When I was in the military I use to hear two principles reinforced over and over again. I first started hearing these principles after my first promotion. I can remember many chiefs and officers walking up to me and congratulating me. They would offer their congratulations and then they would say two things to me. I will continue to hear these over the next few years that I spent at that command. I heard them again at my next promotion, I heard them after getting advice, and I heard them when I would share my frustrations with my supervisors looking for guidance. These two principles I have lived by as a company officer in my own department. I will be forever grateful to the military leaders I had that were tough on me, mentored me, and passed on what it meant to be in a position of leadership. 

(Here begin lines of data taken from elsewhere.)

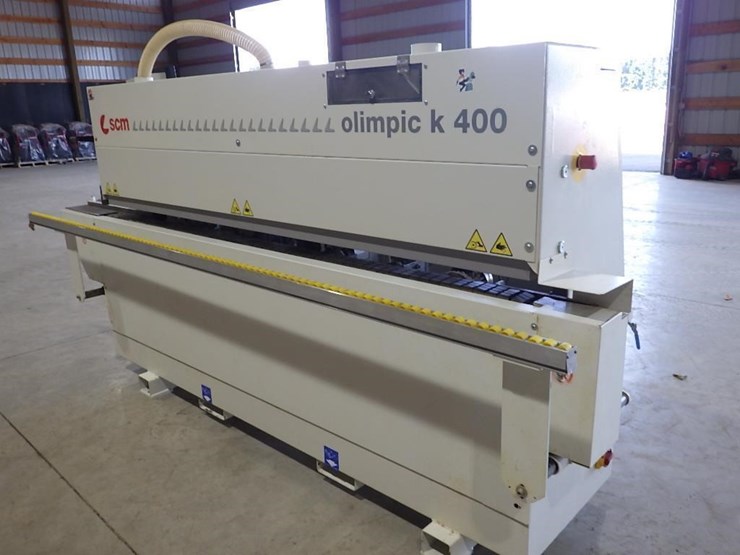 scm-olympic-k400-industrial-edge-bander-image-4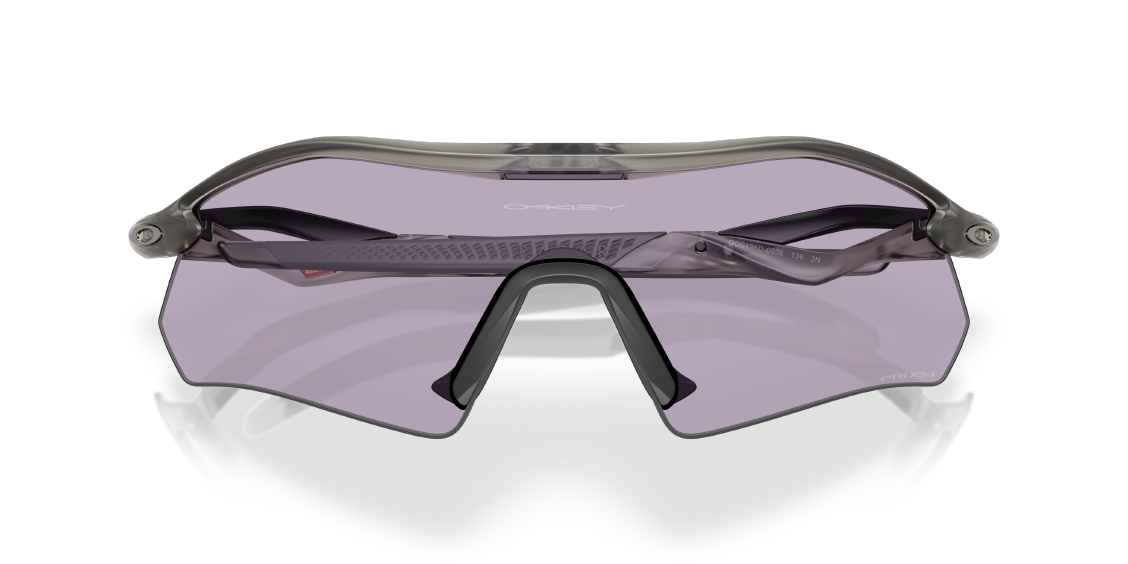 Солнцезащитные очки Oakley Radar Plate OO9495D 949509
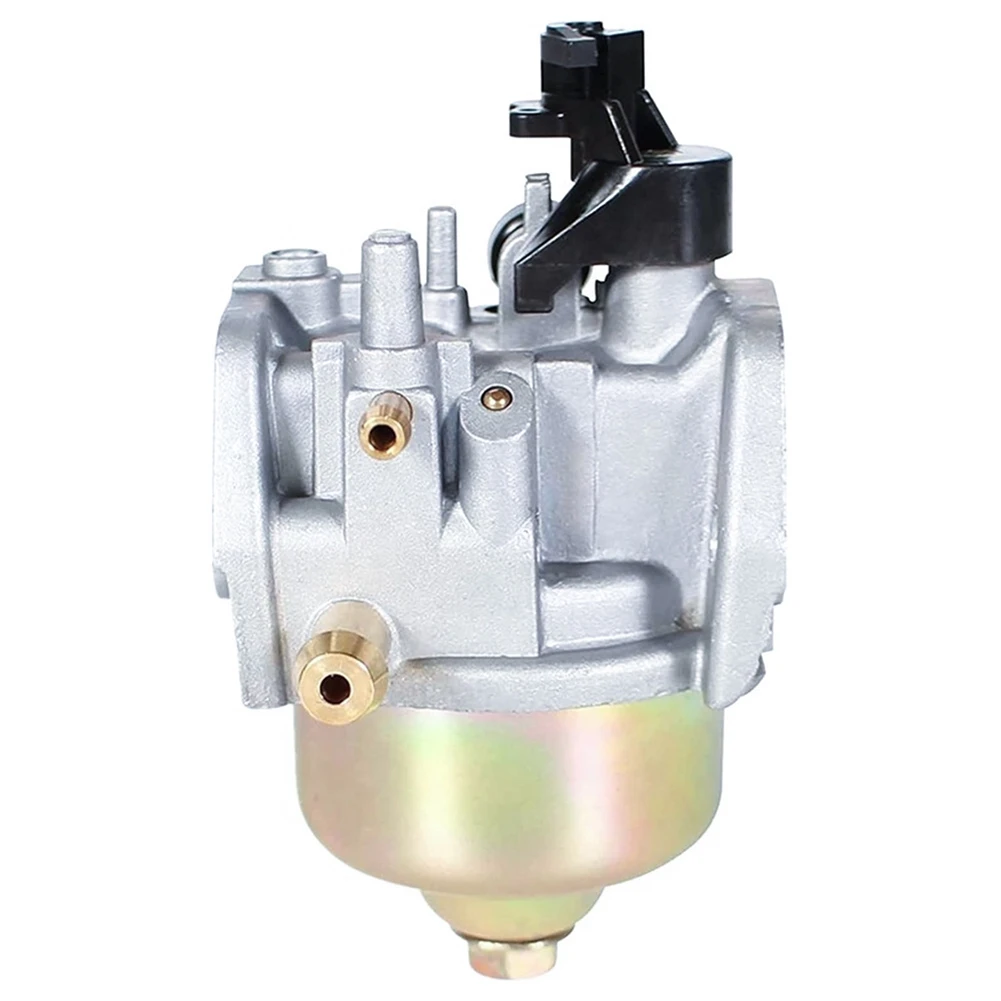 

MCGS-For MTD 951-05221 Carburetor For MTD Lawn & Garden Equipment Engine 1T65B Carburetor 751-05221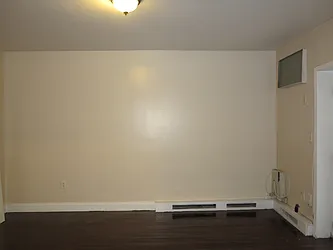 Rented by Target Realty Group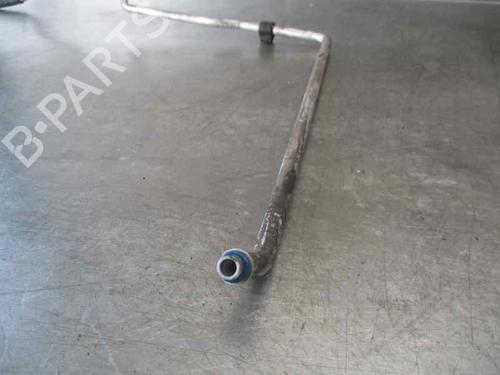 AC pipe KIA SPORTAGE II (JE_, KM_) 2.0 CRDi | BP20259089M126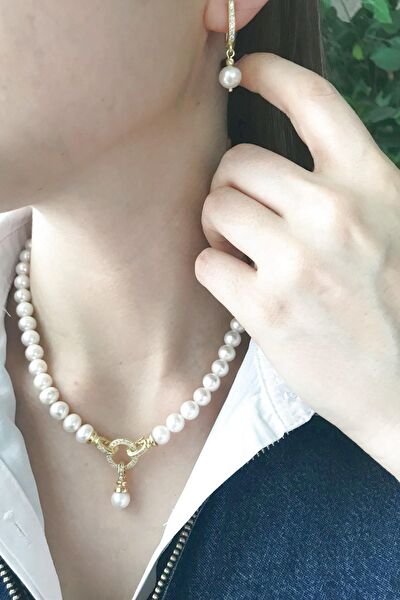 Birinci1926 Takı Seti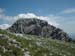 2013-07-03-Monte-Argentella-027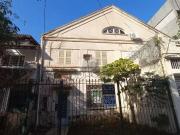 Casa / Sobrado para Venda em Porto Alegre/RS Floresta 3...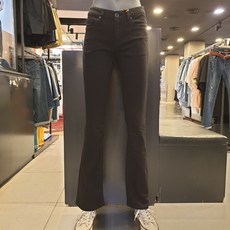 eae595bb45947b2c30effcfacd41fea55cf257ce12873c7e5d8fae94df75.jpg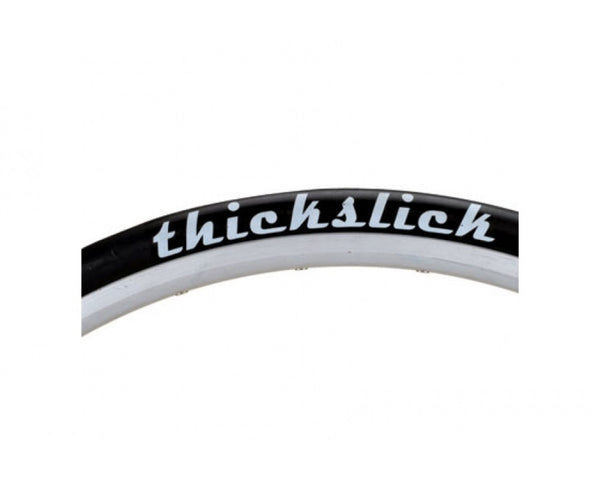 Freedom Thickslick Sport Tire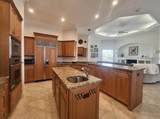 9110 Deer Court - Photo 12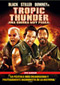 Tropic Thunder: Una guerra muy perra! Alquiler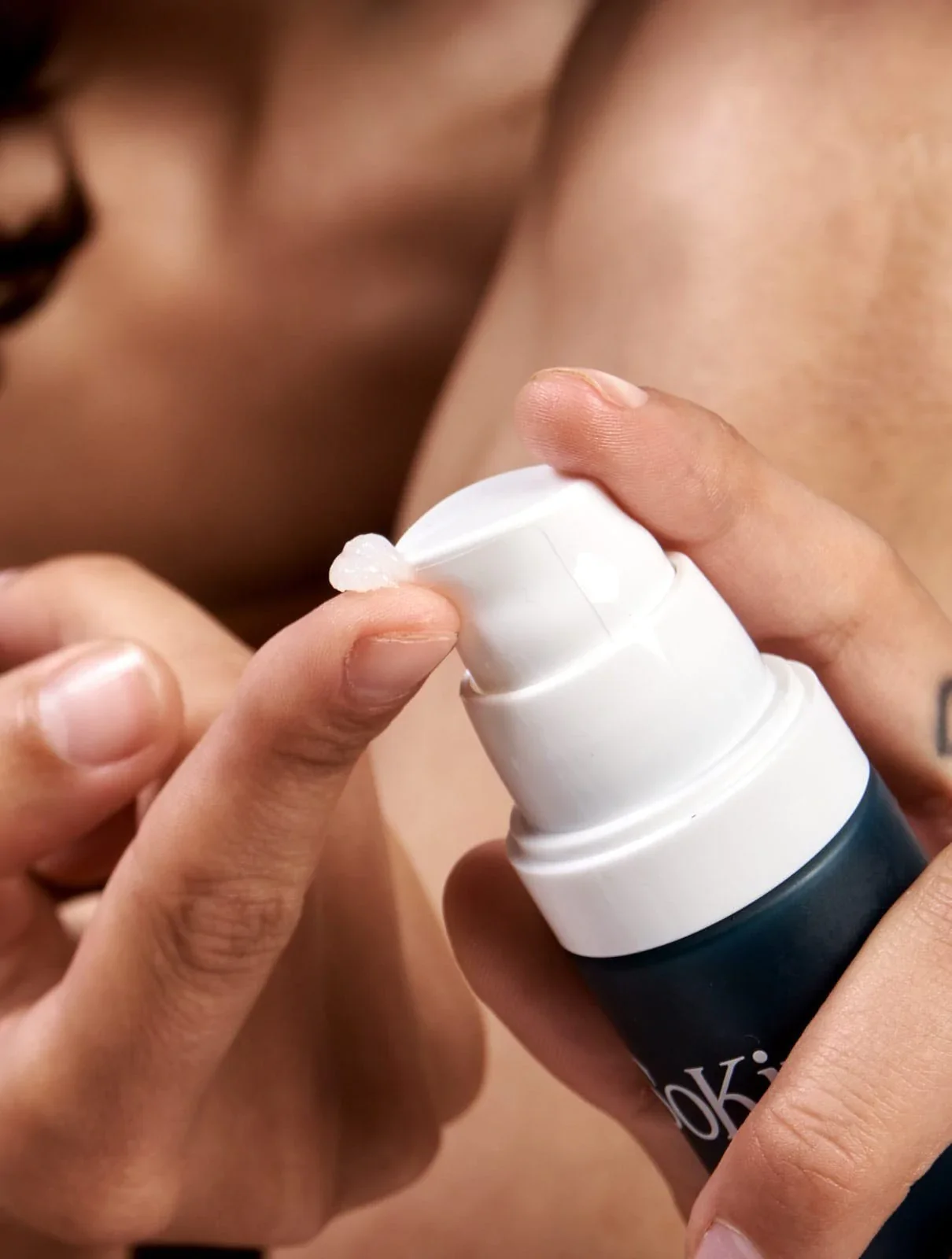 Pure Kindness Restorative Nipple Balm - Image 4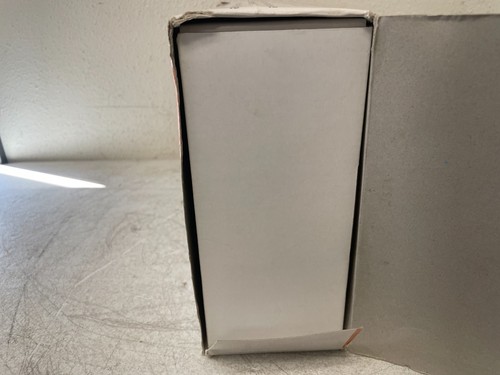 freeStor Mini DS-310UB USB Portable External Drive Enclosure Case Compact Design - 第 8/19 張圖片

The two principles I speak of are quite simple:

1. Look out for your people.

2. Remember where you came from.

Allow me to elaborate on each one. When I say look out for your people that comes in many forms. First and foremost, you need to look out for their professional development. Train them! Push them and inspire them to want to be great firefighters. This can only be done if you took the time to develop yourself first before you stepped into your role. I heard a sad story the other day about a company officer who told one of their firefighters “I don’t need to know how to do that, I am the captain. You are the one who needs to know it.” How ridiculous is that? Above all else you need to lead by example. You want to be a credible leader, and they need you to be one as well. Looking out for your people also means holding them accountable. I make it clear to my crew that I will back them up 100 percent if they are right, but I will hold them 100 percent accountable if they are wrong. Sadly, looking out for your people is transformed into covering for them. This is not leadership and it will only hurt them in the end. So, look out for your people. Build strong relationships and genuinely care about them. Know when to offer tough love, know when to be firm, and know at times its ok to be a human being and be someone’s friend or buddy. This doesn’t have to go away when you become the boss, just know how to temper it when and if needed.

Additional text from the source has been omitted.